## ASSIGNMENT
Output the data exactly, with every line intact.

──────── MATERIAL SUPPLIED

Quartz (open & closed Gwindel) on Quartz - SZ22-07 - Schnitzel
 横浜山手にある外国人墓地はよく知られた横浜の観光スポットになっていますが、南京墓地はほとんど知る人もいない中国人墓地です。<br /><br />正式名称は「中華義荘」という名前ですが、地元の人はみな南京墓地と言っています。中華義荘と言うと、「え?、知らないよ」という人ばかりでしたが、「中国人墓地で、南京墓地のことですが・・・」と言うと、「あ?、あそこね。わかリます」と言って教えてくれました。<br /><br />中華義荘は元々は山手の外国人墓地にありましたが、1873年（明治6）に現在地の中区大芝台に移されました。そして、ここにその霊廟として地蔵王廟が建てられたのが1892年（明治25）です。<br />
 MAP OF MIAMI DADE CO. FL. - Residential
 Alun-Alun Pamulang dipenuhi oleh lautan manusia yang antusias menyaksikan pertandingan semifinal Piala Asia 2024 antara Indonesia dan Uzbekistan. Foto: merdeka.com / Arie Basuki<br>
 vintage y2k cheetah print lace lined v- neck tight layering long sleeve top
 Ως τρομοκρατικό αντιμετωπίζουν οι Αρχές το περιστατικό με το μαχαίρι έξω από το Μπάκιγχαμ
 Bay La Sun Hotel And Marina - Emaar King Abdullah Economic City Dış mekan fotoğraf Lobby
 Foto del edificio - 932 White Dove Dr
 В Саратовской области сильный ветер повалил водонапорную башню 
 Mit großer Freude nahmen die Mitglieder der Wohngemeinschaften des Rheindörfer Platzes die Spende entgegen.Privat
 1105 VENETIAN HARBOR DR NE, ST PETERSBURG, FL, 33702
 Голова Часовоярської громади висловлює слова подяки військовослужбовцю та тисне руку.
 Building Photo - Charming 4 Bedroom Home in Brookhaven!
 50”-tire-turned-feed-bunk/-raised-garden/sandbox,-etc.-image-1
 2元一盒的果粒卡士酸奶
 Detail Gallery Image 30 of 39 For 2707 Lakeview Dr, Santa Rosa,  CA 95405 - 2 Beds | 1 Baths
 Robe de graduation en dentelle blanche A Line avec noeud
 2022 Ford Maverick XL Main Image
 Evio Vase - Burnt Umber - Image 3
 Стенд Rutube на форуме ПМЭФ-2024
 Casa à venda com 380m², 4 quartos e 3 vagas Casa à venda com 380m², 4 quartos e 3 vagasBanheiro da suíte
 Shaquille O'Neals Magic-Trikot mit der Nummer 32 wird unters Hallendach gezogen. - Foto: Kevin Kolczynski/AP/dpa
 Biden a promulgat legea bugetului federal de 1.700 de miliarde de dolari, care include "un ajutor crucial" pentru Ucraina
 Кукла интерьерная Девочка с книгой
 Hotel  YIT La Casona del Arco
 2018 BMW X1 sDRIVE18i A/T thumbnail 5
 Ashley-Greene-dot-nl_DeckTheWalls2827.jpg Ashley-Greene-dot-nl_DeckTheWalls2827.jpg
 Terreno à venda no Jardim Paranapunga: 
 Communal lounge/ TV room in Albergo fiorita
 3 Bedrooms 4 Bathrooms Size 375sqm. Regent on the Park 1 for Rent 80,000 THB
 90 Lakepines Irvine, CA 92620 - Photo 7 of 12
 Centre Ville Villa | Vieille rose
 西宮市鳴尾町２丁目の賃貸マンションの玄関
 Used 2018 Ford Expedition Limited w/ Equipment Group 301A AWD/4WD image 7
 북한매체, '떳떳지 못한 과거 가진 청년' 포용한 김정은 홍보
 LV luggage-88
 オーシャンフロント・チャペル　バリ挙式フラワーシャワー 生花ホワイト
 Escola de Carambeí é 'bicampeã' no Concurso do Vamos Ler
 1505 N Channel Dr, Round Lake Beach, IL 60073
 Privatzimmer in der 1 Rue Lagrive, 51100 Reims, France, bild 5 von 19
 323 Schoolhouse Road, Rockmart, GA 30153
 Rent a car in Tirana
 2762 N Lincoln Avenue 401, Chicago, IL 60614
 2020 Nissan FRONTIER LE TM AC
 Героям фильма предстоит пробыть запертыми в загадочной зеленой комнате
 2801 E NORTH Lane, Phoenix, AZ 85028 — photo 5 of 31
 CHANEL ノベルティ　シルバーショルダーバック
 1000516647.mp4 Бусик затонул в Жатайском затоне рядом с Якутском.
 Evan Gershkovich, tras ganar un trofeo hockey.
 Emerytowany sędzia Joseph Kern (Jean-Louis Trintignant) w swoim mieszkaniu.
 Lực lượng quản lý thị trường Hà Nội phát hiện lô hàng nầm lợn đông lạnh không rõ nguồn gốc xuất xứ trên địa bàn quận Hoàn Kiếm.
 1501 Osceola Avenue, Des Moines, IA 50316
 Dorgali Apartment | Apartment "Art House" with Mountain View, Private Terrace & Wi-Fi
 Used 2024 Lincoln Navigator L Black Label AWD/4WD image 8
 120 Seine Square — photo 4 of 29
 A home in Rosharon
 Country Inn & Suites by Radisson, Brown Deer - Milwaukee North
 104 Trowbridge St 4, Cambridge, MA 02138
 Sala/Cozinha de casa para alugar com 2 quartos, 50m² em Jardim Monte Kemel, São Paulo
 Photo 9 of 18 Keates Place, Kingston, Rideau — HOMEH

────────────────

## RESPONSE FOR THIS EXERCISE
Quartz (open & closed Gwindel) on Quartz - SZ22-07 - Schnitzel
 横浜山手にある外国人墓地はよく知られた横浜の観光スポットになっていますが、南京墓地はほとんど知る人もいない中国人墓地です。<br /><br />正式名称は「中華義荘」という名前ですが、地元の人はみな南京墓地と言っています。中華義荘と言うと、「え?、知らないよ」という人ばかりでしたが、「中国人墓地で、南京墓地のことですが・・・」と言うと、「あ?、あそこね。わかリます」と言って教えてくれました。<br /><br />中華義荘は元々は山手の外国人墓地にありましたが、1873年（明治6）に現在地の中区大芝台に移されました。そして、ここにその霊廟として地蔵王廟が建てられたのが1892年（明治25）です。<br />
 MAP OF MIAMI DADE CO. FL. - Residential
 Alun-Alun Pamulang dipenuhi oleh lautan manusia yang antusias menyaksikan pertandingan semifinal Piala Asia 2024 antara Indonesia dan Uzbekistan. Foto: merdeka.com / Arie Basuki<br>
 vintage y2k cheetah print lace lined v- neck tight layering long sleeve top
 Ως τρομοκρατικό αντιμετωπίζουν οι Αρχές το περιστατικό με το μαχαίρι έξω από το Μπάκιγχαμ
 Bay La Sun Hotel And Marina - Emaar King Abdullah Economic City Dış mekan fotoğraf Lobby
 Foto del edificio - 932 White Dove Dr
 В Саратовской области сильный ветер повалил водонапорную башню 
 Mit großer Freude nahmen die Mitglieder der Wohngemeinschaften des Rheindörfer Platzes die Spende entgegen.Privat
 1105 VENETIAN HARBOR DR NE, ST PETERSBURG, FL, 33702
 Голова Часовоярської громади висловлює слова подяки військовослужбовцю та тисне руку.
 Building Photo - Charming 4 Bedroom Home in Brookhaven!
 50”-tire-turned-feed-bunk/-raised-garden/sandbox,-etc.-image-1
 2元一盒的果粒卡士酸奶
 Detail Gallery Image 30 of 39 For 2707 Lakeview Dr, Santa Rosa,  CA 95405 - 2 Beds | 1 Baths
 Robe de graduation en dentelle blanche A Line avec noeud
 2022 Ford Maverick XL Main Image
 Evio Vase - Burnt Umber - Image 3
 Стенд Rutube на форуме ПМЭФ-2024
 Casa à venda com 380m², 4 quartos e 3 vagas Casa à venda com 380m², 4 quartos e 3 vagasBanheiro da suíte
 Shaquille O'Neals Magic-Trikot mit der Nummer 32 wird unters Hallendach gezogen. - Foto: Kevin Kolczynski/AP/dpa
 Biden a promulgat legea bugetului federal de 1.700 de miliarde de dolari, care include "un ajutor crucial" pentru Ucraina
 Кукла интерьерная Девочка с книгой
 Hotel  YIT La Casona del Arco
 2018 BMW X1 sDRIVE18i A/T thumbnail 5
 Ashley-Greene-dot-nl_DeckTheWalls2827.jpg Ashley-Greene-dot-nl_DeckTheWalls2827.jpg
 Terreno à venda no Jardim Paranapunga: 
 Communal lounge/ TV room in Albergo fiorita
 3 Bedrooms 4 Bathrooms Size 375sqm. Regent on the Park 1 for Rent 80,000 THB
 90 Lakepines Irvine, CA 92620 - Photo 7 of 12
 Centre Ville Villa | Vieille rose
 西宮市鳴尾町２丁目の賃貸マンションの玄関
 Used 2018 Ford Expedition Limited w/ Equipment Group 301A AWD/4WD image 7
 북한매체, '떳떳지 못한 과거 가진 청년' 포용한 김정은 홍보
 LV luggage-88
 オーシャンフロント・チャペル　バリ挙式フラワーシャワー 生花ホワイト
 Escola de Carambeí é 'bicampeã' no Concurso do Vamos Ler
 1505 N Channel Dr, Round Lake Beach, IL 60073
 Privatzimmer in der 1 Rue Lagrive, 51100 Reims, France, bild 5 von 19
 323 Schoolhouse Road, Rockmart, GA 30153
 Rent a car in Tirana
 2762 N Lincoln Avenue 401, Chicago, IL 60614
 2020 Nissan FRONTIER LE TM AC
 Героям фильма предстоит пробыть запертыми в загадочной зеленой комнате
 2801 E NORTH Lane, Phoenix, AZ 85028 — photo 5 of 31
 CHANEL ノベルティ　シルバーショルダーバック
 1000516647.mp4 Бусик затонул в Жатайском затоне рядом с Якутском.
 Evan Gershkovich, tras ganar un trofeo hockey.
 Emerytowany sędzia Joseph Kern (Jean-Louis Trintignant) w swoim mieszkaniu.
 Lực lượng quản lý thị trường Hà Nội phát hiện lô hàng nầm lợn đông lạnh không rõ nguồn gốc xuất xứ trên địa bàn quận Hoàn Kiếm.
 1501 Osceola Avenue, Des Moines, IA 50316
 Dorgali Apartment | Apartment "Art House" with Mountain View, Private Terrace & Wi-Fi
 Used 2024 Lincoln Navigator L Black Label AWD/4WD image 8
 120 Seine Square — photo 4 of 29
 A home in Rosharon
 Country Inn & Suites by Radisson, Brown Deer - Milwaukee North
 104 Trowbridge St 4, Cambridge, MA 02138
 Sala/Cozinha de casa para alugar com 2 quartos, 50m² em Jardim Monte Kemel, São Paulo
 Photo 9 of 18 Keates Place, Kingston, Rideau — HOMEH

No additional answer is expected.